------ EXERCISE MATERIALS

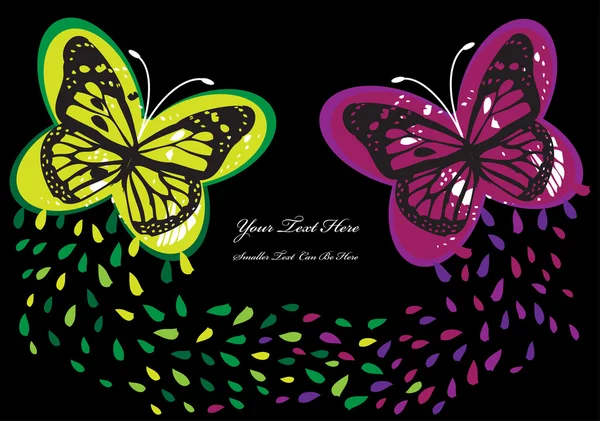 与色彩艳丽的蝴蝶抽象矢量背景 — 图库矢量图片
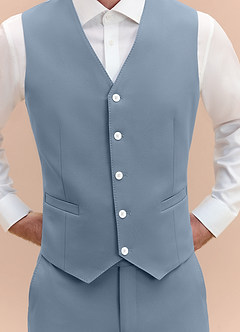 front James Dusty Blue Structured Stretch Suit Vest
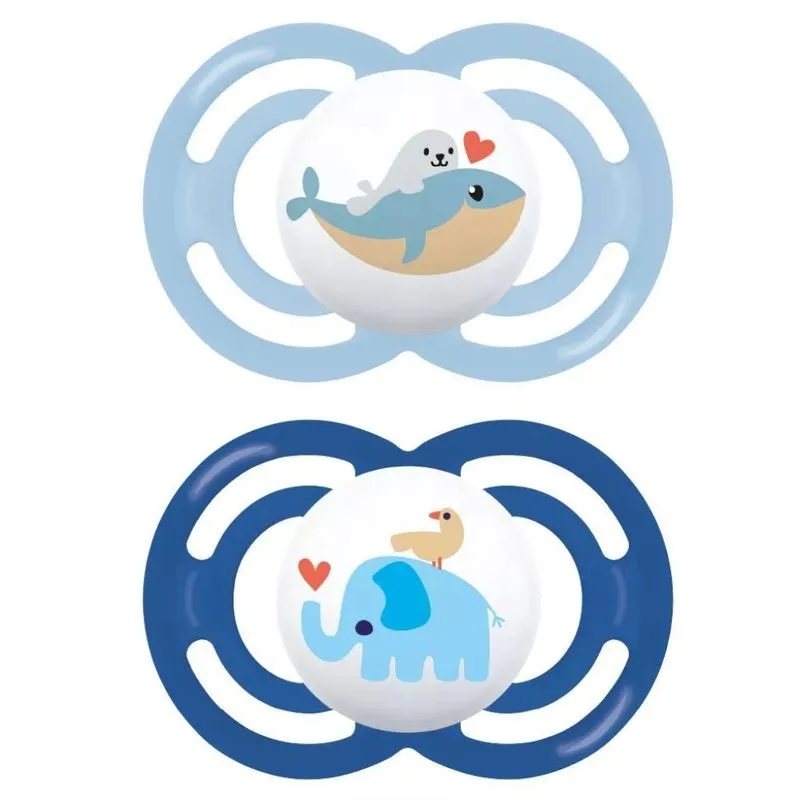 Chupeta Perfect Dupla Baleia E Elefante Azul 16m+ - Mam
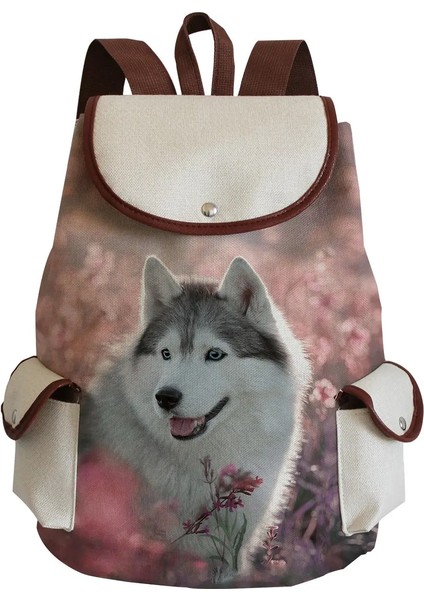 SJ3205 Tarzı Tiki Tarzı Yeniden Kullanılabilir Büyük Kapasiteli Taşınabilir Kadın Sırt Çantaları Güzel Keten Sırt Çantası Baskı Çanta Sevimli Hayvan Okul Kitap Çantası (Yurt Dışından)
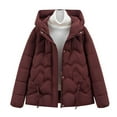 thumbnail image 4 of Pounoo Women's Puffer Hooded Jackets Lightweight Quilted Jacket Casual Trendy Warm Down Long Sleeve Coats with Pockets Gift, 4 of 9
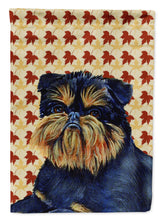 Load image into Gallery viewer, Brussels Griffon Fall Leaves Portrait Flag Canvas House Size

------------

- **TASK PROMPT**
All of the data above should be printed again exactly, though none of the pictures belong in the copy.

- **TASK SOLUTION**
 与色彩艳丽的蝴蝶抽象矢量背景 — 图库矢量图片
 front James Dusty Blue Structured Stretch Suit Vest
 Chupeta Perfect Dupla Baleia E Elefante Azul 16m+ - Mam
 SJ3205 Tarzı Tiki Tarzı Yeniden Kullanılabilir Büyük Kapasiteli Taşınabilir Kadın Sırt Çantaları Güzel Keten Sırt Çantası Baskı Çanta Sevimli Hayvan Okul Kitap Çantası (Yurt Dışından)
 thumbnail image 4 of Pounoo Women's Puffer Hooded Jackets Lightweight Quilted Jacket Casual Trendy Warm Down Long Sleeve Coats with Pockets Gift, 4 of 9
 Load image into Gallery viewer, Brussels Griffon Fall Leaves Portrait Flag Canvas House Size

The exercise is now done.